Precise boron abundance in a sample of metal-poor stars from far-ultraviolet lines

¹ LIRA, Observatoire de Paris, Université PSL, CNRS, 5 Place Jules Janssen, 92190 Meudon, France
² Universidade de São Paulo, IAG, Departamento de Astronomia, 05508-090 São Paulo, Brazil
³ National Astronomical Observatories, Chinese Academy of Sciences, Beijing 100101, China

^★ Corresponding author: Monique.Spite@obspm.fr

Received: 16 July 2025
Accepted: 2 September 2025

Abstract

Context. The light elements beryllium (Be; Z = 4) and boron (B; Z = 5) are mainly produced by spallation reactions between cosmic rays and carbon (C; Z = 6), nitrogen (N; Z = 7), and oxygen (O; Z = 8) nuclei. Only traces of Be or B would have been produced in the Big Bang, but there could be a contribution from the ν-process in type II supernovae. Their abundances at very low metallicities have been debated in the literature, with the aim of understanding their origin.

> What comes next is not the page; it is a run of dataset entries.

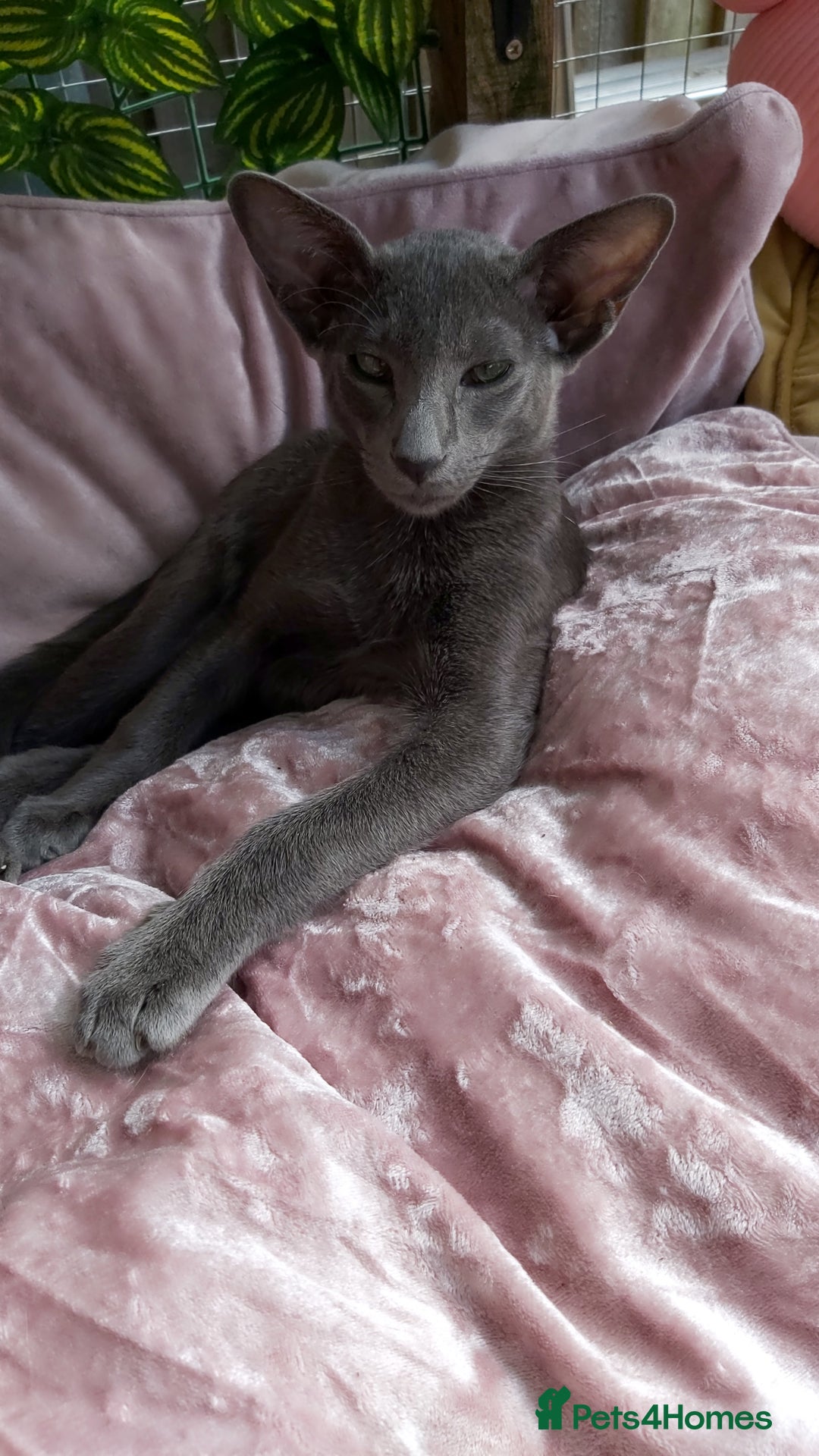 Oriental cats for sale: Full Pedigree Oriental 1 Kitten XL size ears GCCF - Image 14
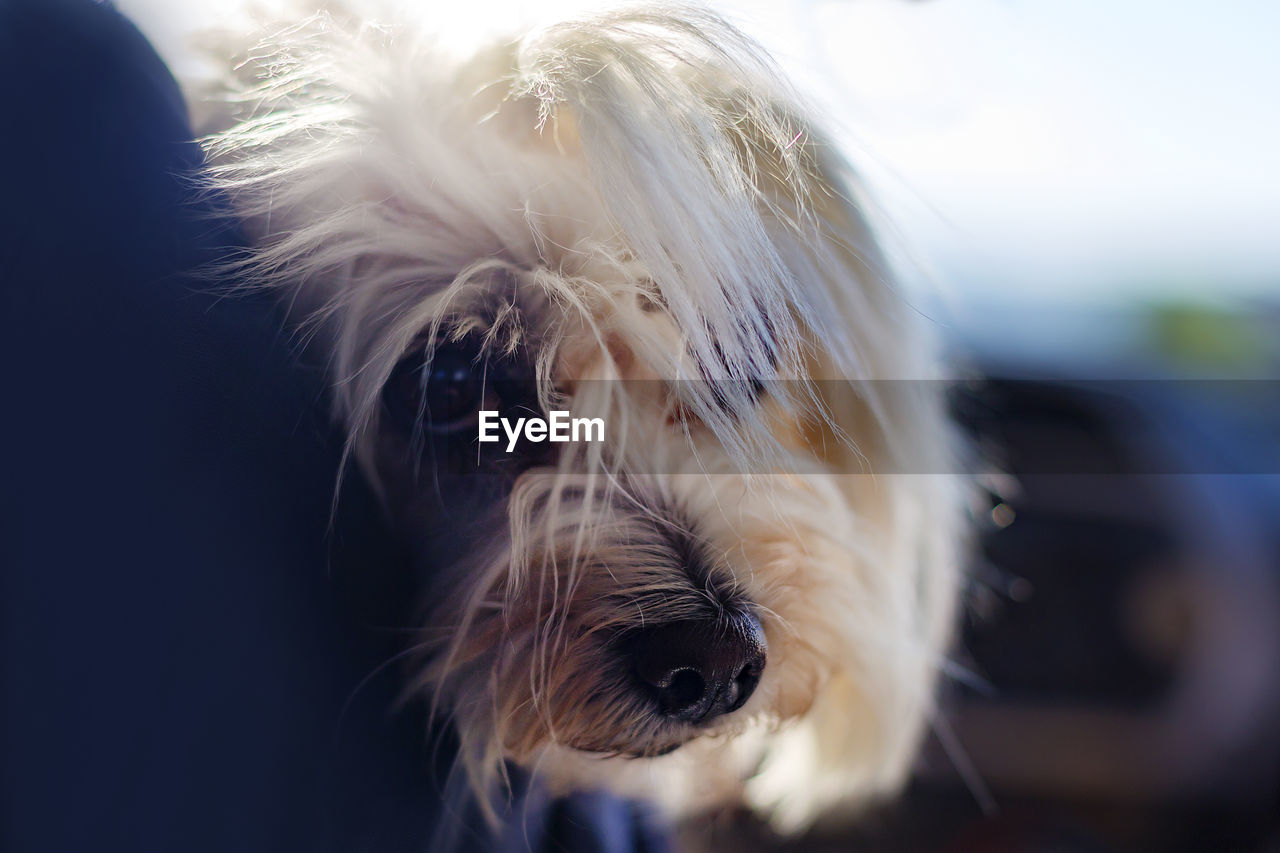 CLOSE-UP OF A DOG WITH EYES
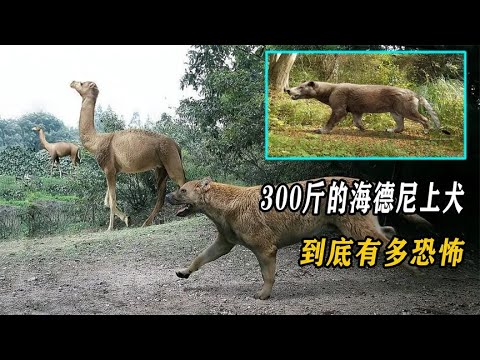 体重近300斤的海德尼上犬，唯一可以与老虎叫板的犬科动物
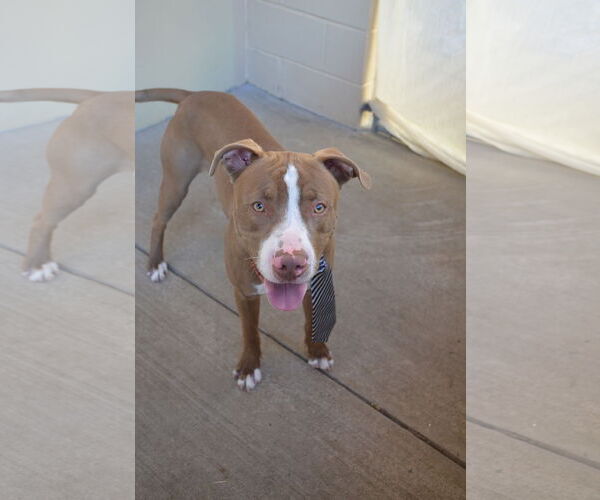 Medium Photo #2 Mutt Puppy For Sale in McKinney, TX, USA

Aims. Our aim is to derive the boron abundance in a sample of metal-poor stars based for the first time on observations with the STIS spectrograph on board the Hubble Space Telescope, using clean B lines measured in space ultraviolet.

Methods. We identified a measurable line of BI at 2089.6 Å. In our sample of metal-poor warm stars, this line is practically free from blending lines, and for this reason the precision of the presently derived boron abundances is unprecedented.

Results. We find that in the interval −2.6 < [Fe/H] < −1.0, the slope of the relation A(B) versus [Fe/H] is significantly larger than 1, and thus steeper than that obtained with Be abundances. As a consequence, we find in this interval of metallicity a B/Be ratio that slightly increases with [Fe/H]. Since at [Fe/H] = −1 the abundance of B is already close to the solar abundance, there should be a break in the B enrichment at a metallicity of about [Fe/H] = −1.